Итак, в младенчестве и раннем детстве американские дети учатся переносить одиночество и радоваться обществу как награде за терпение. В школе их постоянно заставляют проявлять социальную активность. Они привыкают с недоверием относиться к уединенному времяпрепровождению, как к пустому и бесплодному, если не греховному. Затем приходит юность.

Юность и половой партнер

В тех цивилизациях, из которых вышла американская, было принято, чтобы юноша связал себя крепкими пожизненными узами дружбы с другими молодыми людьми. Предполагалось, что, отвыкая от дома, юноша должен найти себе друга, в такой же степени стремящегося определить свое лицо, стать личностью, получая удовольствие от взаимного доверия и самоанализа.

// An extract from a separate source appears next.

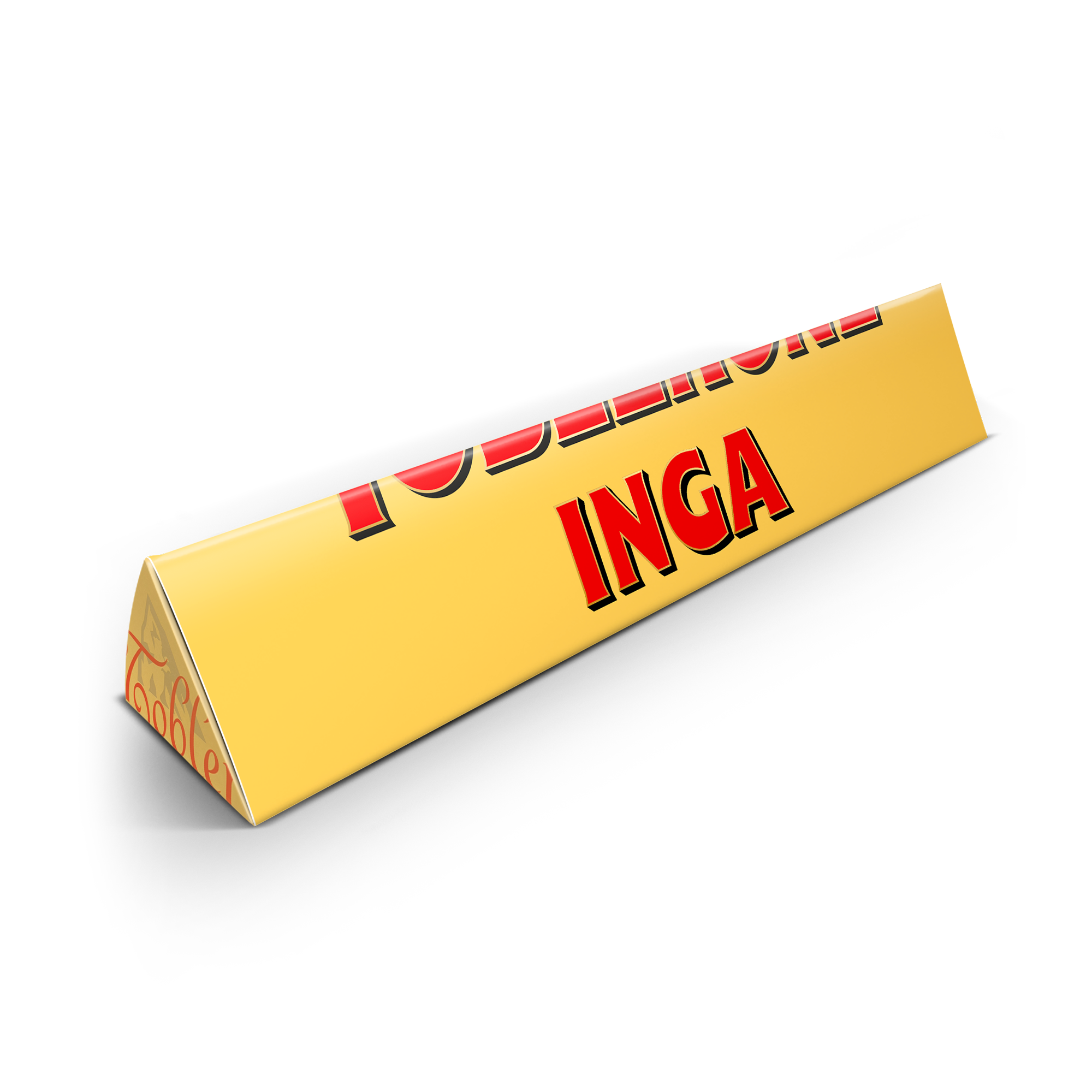 Personalisierte Toblerone Schokolade mit dem Namen INGA in Rot gedruckt auf der gelben Verpackung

Семейные отношения были неизбежно асимметричными, далекими от гармонии отношениями из-за различий в возрасте, поле, авторитете и темпераменте. Но лучшего друга выбирали, веря, что в нем, по сути, можно обрести симметричное зеркальное отображение собственной личности: человек того же пола и возраста, с такими же трудными родителями, от которых надо вовремя улизнуть, и теми же учителями, которых надо перехитрить или которым надо подражать, и с той же навязчивой и оправданной потребностью познать соблазнительное таинство пола, выбрать для себя карьеру и постичь философию жизни. Такая дружба в юности часто становилась прототипом настоящей близости. Она избавляла юношей от одиночества и весьма плодотворно способствовала формированию личности молодых людей. Брак в отличие от дружбы удовлетворял потребности совершенно иного рода, далекие от стремления к интеллектуальному, духовному или философскому общению. В каждой второй из известных высокоразвитых цивилизаций дружба между учащимися одного пола составляла неотъемлемую часть процесса воспитания.